Wu Yu-Ming; Wang Ren; Ding Xiao; Wang Bing-Zhong

doi:10.7498/aps.69.20201488

Abstract

The performances of metamaterial absorbers can be affected by the incidence angle of electromagnetic wave. It is difficult to design the incidence angle-insensitive metamaterial absorbers. In this paper, we propose a metamaterial absorber with wide-angle incidence based on the equivalent medium theory. The absorber unit consists of a double-sided split resonant ring placed vertically on the ground. The resistors and capacitors are loaded at the opening of the resonant ring. The resistor is used to adjust the equivalent electromagnetic parameters of the metamaterial, and the capacitor is used to control the resonant frequency of the metamaterial and miniaturize the unit. When the transverse electric (TE) plane wave impinges on the surface of the absorber, R = 4000 Ohm and C = 1.5 pF, the proposed absorber can achieve an absorptivity greater than 90% at 1.59 GHz up to an incidence angle reaching 70°. Besides, the absorber can achieve an 85% absorptivity under an incidence angle of 75°. when the transverse magnetic (TM) plane wave impinges on the surface of the absorbers, R = 1200 Ω and C = 1.5 pF, the proposed absorber can achieve an absorptivity of greater than 90% at 1.59 GHz up to a 70°incidence angle.

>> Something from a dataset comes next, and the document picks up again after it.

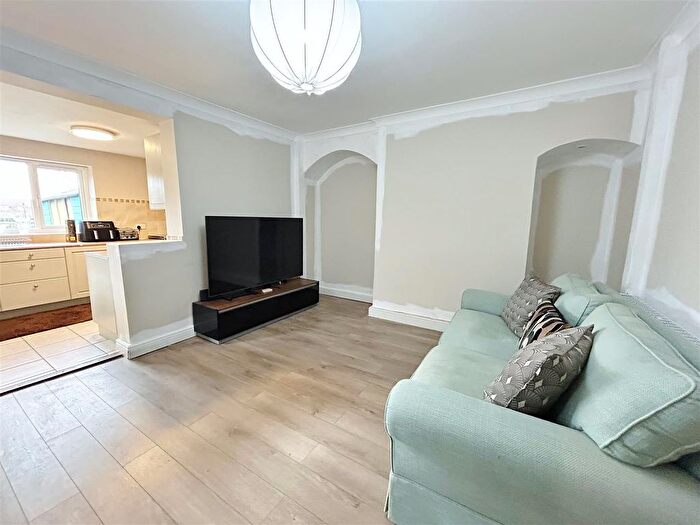 2 Bedroom Terraced House For Sale In Bondgate, Selby, YO8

Besides, the absorber can also achieve an absorptivity of 85% up to 75°. The results show that the measurement results are basically consistent with the simulation results. In addition, when the capacitance is changed while the other parameters are fixed, the metamaterial absorber proposed in this paper still has the same wide-angle absorbing performance at the new resonant frequency. In other words, the proposed absorber has broadband operating characteristics. A frequency-tunable metamaterial absorber with wide-angle incidence can be designed based on the aforementioned results. The results in this paper provide a method of tuning capacitance. The opening is set at the other end of the split ring, and the same fixed-value resistor and variable capacitor are loaded on the left opening, and the corresponding DC bias feeder is designed. One end of the DC bias line is directly connected to the ground, and the other end needs to be separately connected to the other DC bias feeder of each unit to realize the control of the variable capacitors of each unit.

Keywords:

Authors and contacts

Institute of Applied Physics, University of Electronic Science and Technology of China, Chengdu 611731, China

Corresponding author: Wang Bing-Zhong, bzwang@uestc.edu.cn

Funds: Project supported by the National Natural Science Foundation of China (Grant Nos. 61731005, 61901086), the Postdoctoral Innovation Talents Support Program, China (Grant No. BX20180057), the China Postdoctoral Science Foundation (Grant No. 2018M640907), and the Fundamental Research Fund for the Central Universities, China (Grant No. ZYGX2019J101)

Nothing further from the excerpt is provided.